Casualty of War
By John Rippo, San Diego
Wednesday, Jan. 17, 2007 | I would offer perhaps a dissonant perspective to the loss of U.S. Attorney Lam which concerns the case of Duke Cunningham.
My newspaper, ESPRESSO, once reported the tale of a local man who developed a landmine destroying device nicknamed the "Armadillo." This was enthusiastically received by the Marine and Navy specialists who tested it -- it took a licking and kept on ticking -- and it eventually progressed to the office of Duke Cunningham who then sat on the committee for military appropriations.
Cunningham's words to the inventors were to the effect that if "they couldn't bring anything to the table" they couldn't expect Cunningham to support the Armadillo. There, the chances for the simple, cheap and effective machine stopped cold. When last I saw it, the Armadillo sat under a tarp in the San Diego machine shop it was made in.

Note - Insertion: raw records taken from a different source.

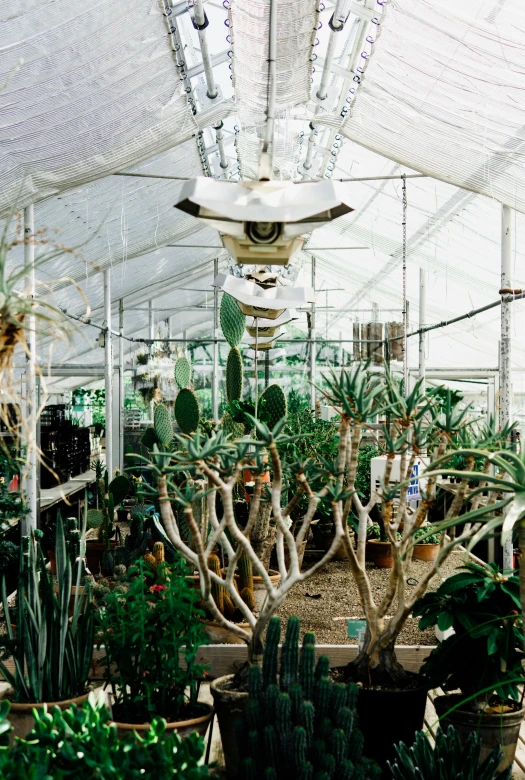 the inside of a white greenhouse is filled with plants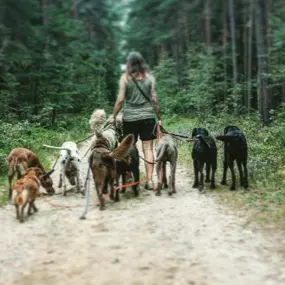 Bild von Doglife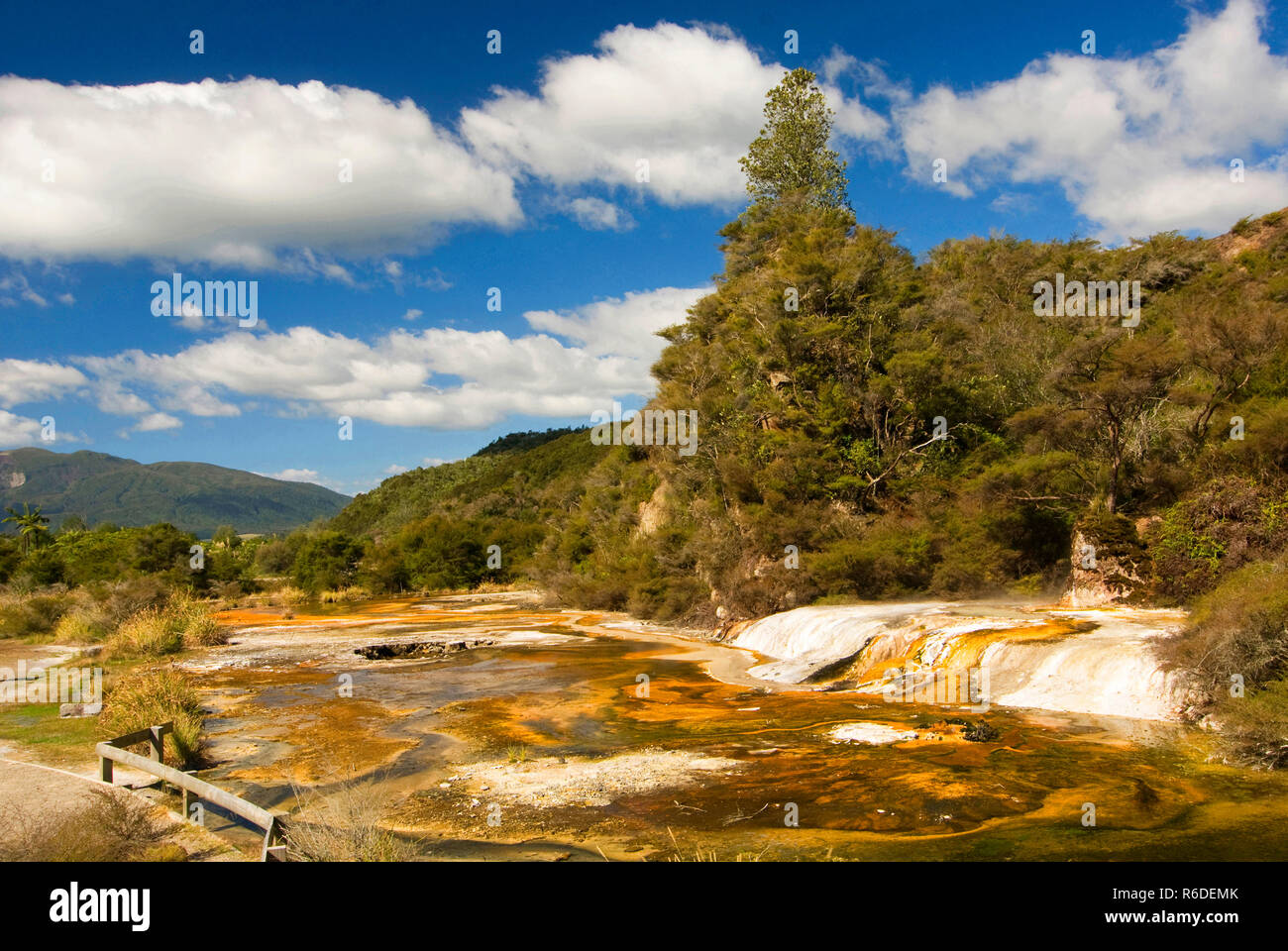 New Zealand, Rotorua, Waimangu Volcanic Thermal Area Valley Stock Photo ...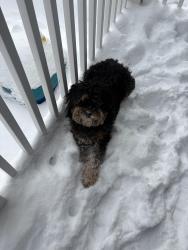 Lost Female Dog last seen Near Hyde Park Ave , Boston, MA 02130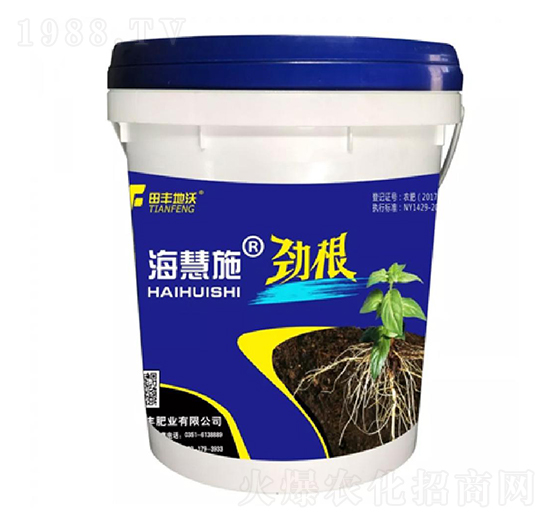 �Ÿ�-����ʩ-���S����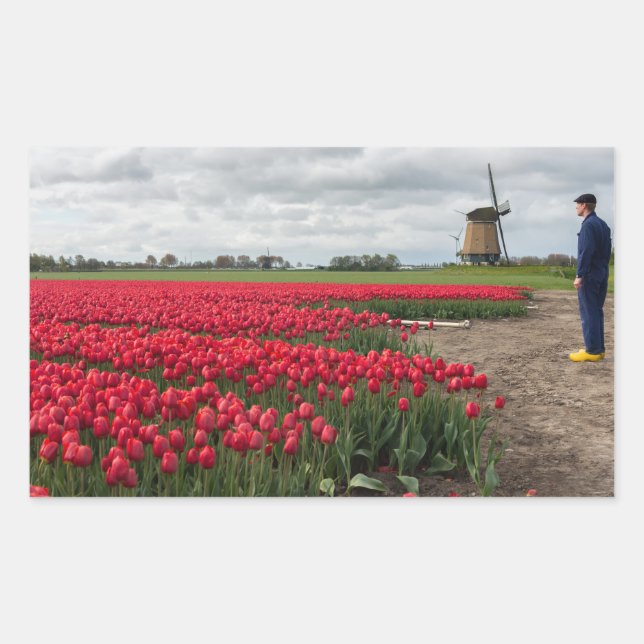 Farmer inspecting his tulips and windmill sticker (Front)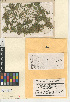  ( - CCDB-24952-A11)  @11 [ ] CreativeCommons - Attribution Non-Commercial Share-Alike (2015) SDNHM San Diego Natural History Museum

But what did that mean to the U.S. troops engaged in Iraq and Afghanistan? Many of the IEDs that kill and maim them are made in the forms of landmines -- that could be destroyed safely by the Armadillo. ESPRESSO once published a photo of a ten-year old Iraqi boy who found one of these the hard way, and whose mutilated body will form one more testimony to a mines' effectiveness in the pathology journals. That boy and the soldiers cruelly mutilated like him are the result of a venal lawmaker's failure to get his bribe.